Collected data entries |
# # #

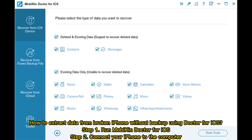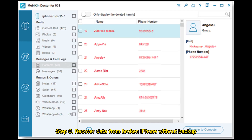How to extract data from broken iPhone without backup using Doctor for iOS. Step 1 – Run Mobicon Doctor for iOS. Step 2 – Connect your iPhone to the computer. Step 3 – Recover data from broken iPhone without backup.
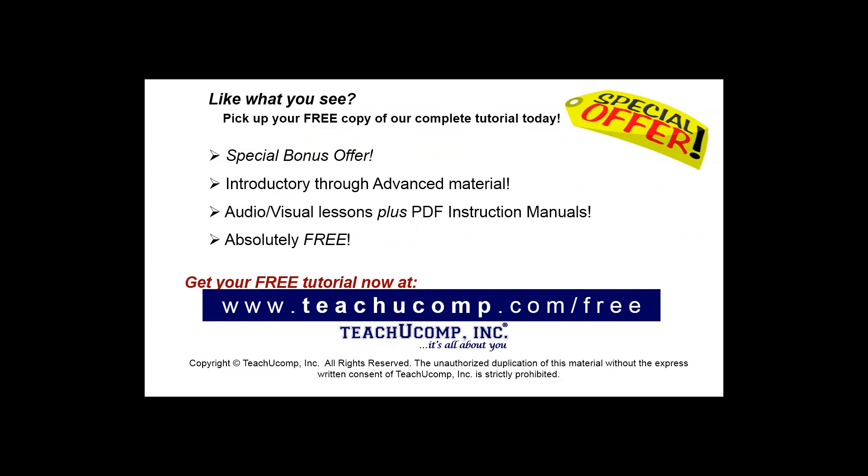Like what you see? Pick up your free copy of the complete tutorial at www.teachucomp.com/free.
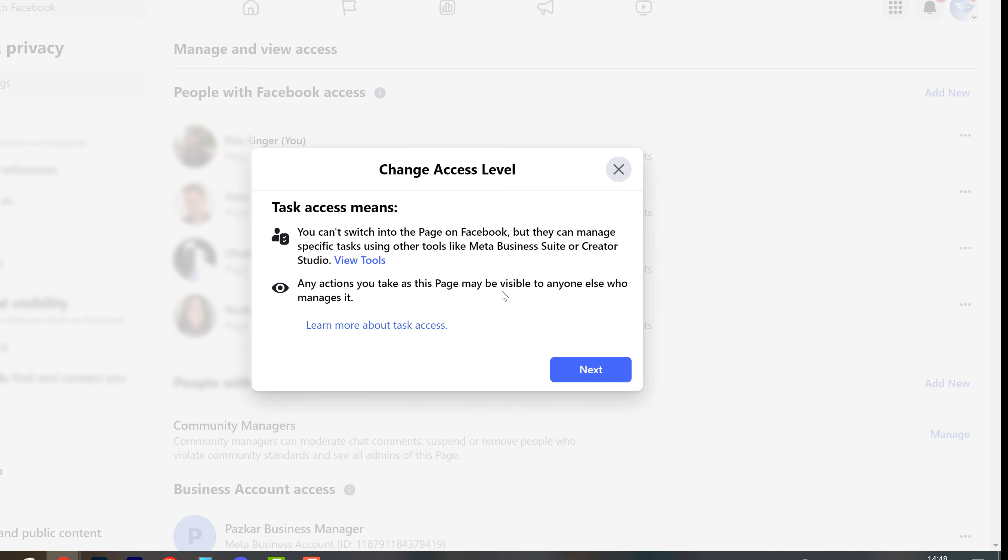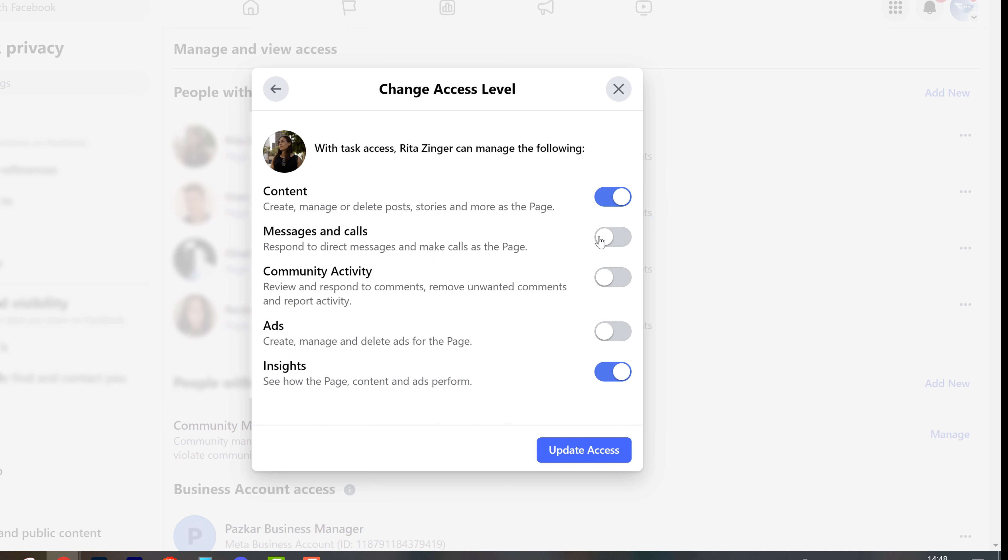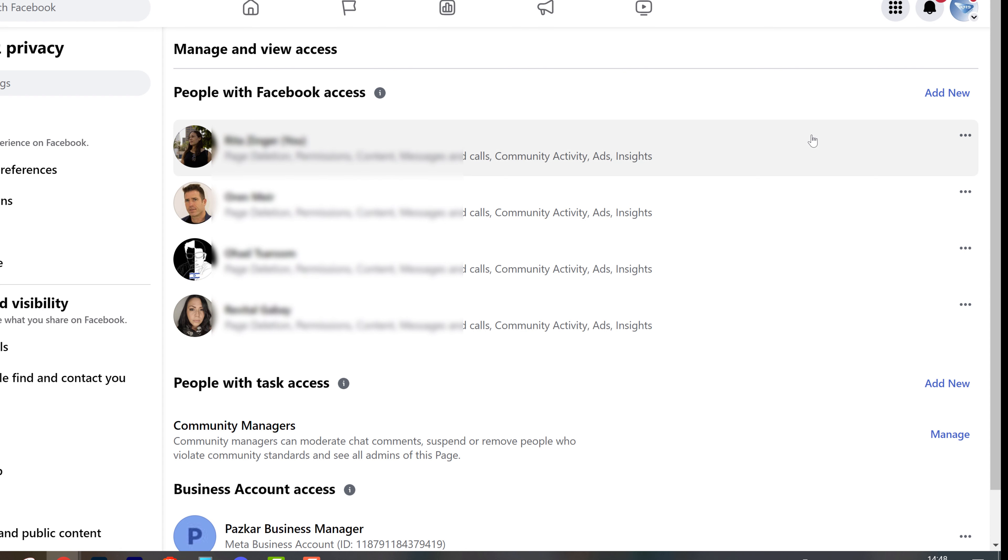So by changing access, you will click on next and you can limit access to the page to provide access to content, or just to messages and calls, to community activity, or simply to ads if you want them to advertise on your page only.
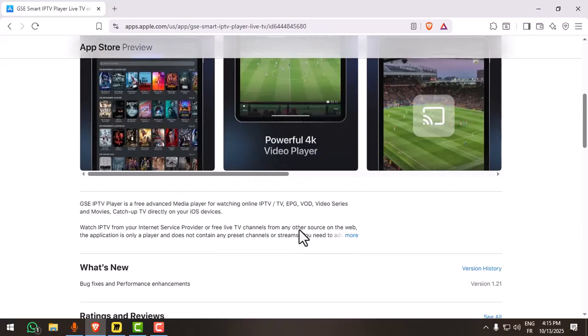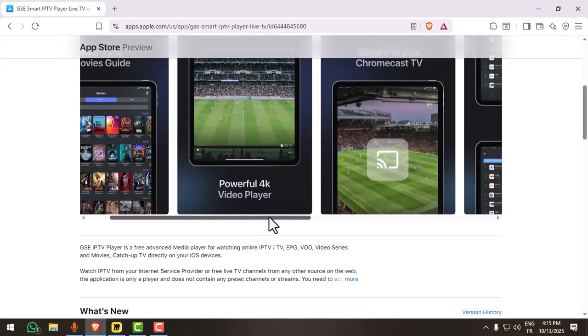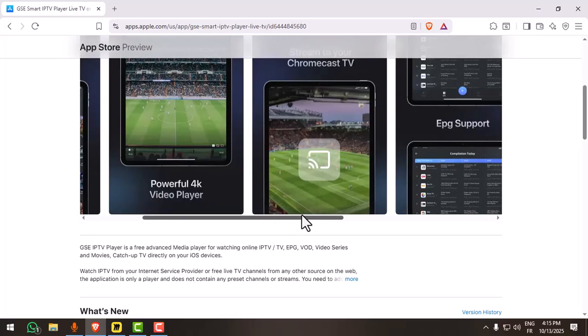So while you can't install TV Mate directly, these IPTV player alternatives give you the same experience on your iPhone.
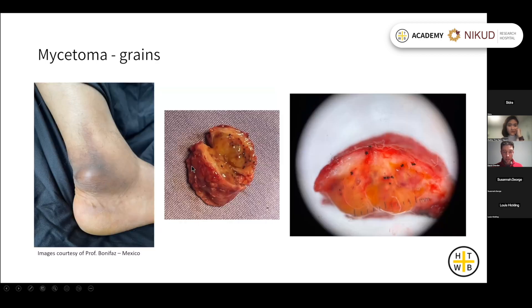This is a mycetoma lesion that's been excised from the ankle. When you cut into the mass, you can see these dark black grains in the tissue — that's the characteristic feature of mycetoma: the presence of these grains, or microcolonies, of the organism.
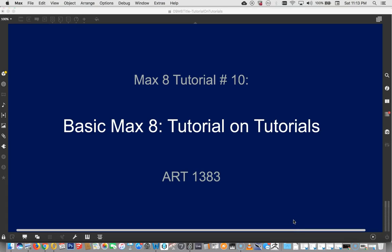Hi, welcome to Max tutorial number nine. It's the tutorial on tutorials. That's right, today we swallow our own tail in the pursuit of snake-like knowledge.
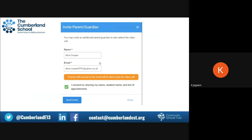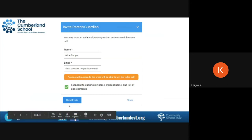Make sure the email address is correct and just check it, as it does not ask you to confirm. Once you have done that, it does say anyone with access to this email address will be able to join the video call. You then click the checkbox which says 'I consent to sharing my name, student name, and a list of appointments', and then click on where it says 'Send Invite'.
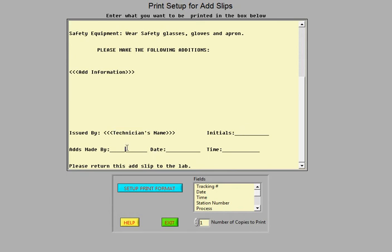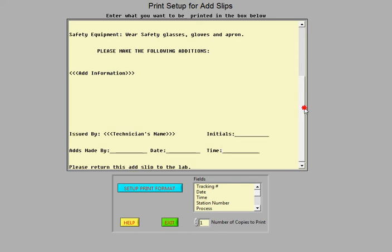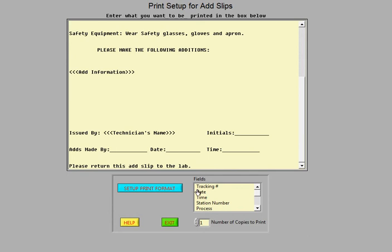And here's the date and time. And it says to please return this slip to the lab. So you have lots of options and flexibility here on how you set up your add slips. And it's great because each situation may be a little bit different. So that's how that works.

# # #

DIRECTIONS |
Pictures aside, print exactly the lines above starting with the one containing "This is a mycetoma" and going on through the one containing "Make sure the".

YOUR RESPONSE |
This is a mycetoma lesion that's been excised from the ankle. When you cut into the mass, you can see these dark black grains in the tissue — that's the characteristic feature of mycetoma: the presence of these grains, or microcolonies, of the organism.
Hi, welcome to Max tutorial number nine. It's the tutorial on tutorials. That's right, today we swallow our own tail in the pursuit of snake-like knowledge.
Make sure the email address is correct and just check it, as it does not ask you to confirm. Once you have done that, it does say anyone with access to this email address will be able to join the video call. You then click the checkbox which says 'I consent to sharing my name, student name, and a list of appointments', and then click on where it says 'Send Invite'.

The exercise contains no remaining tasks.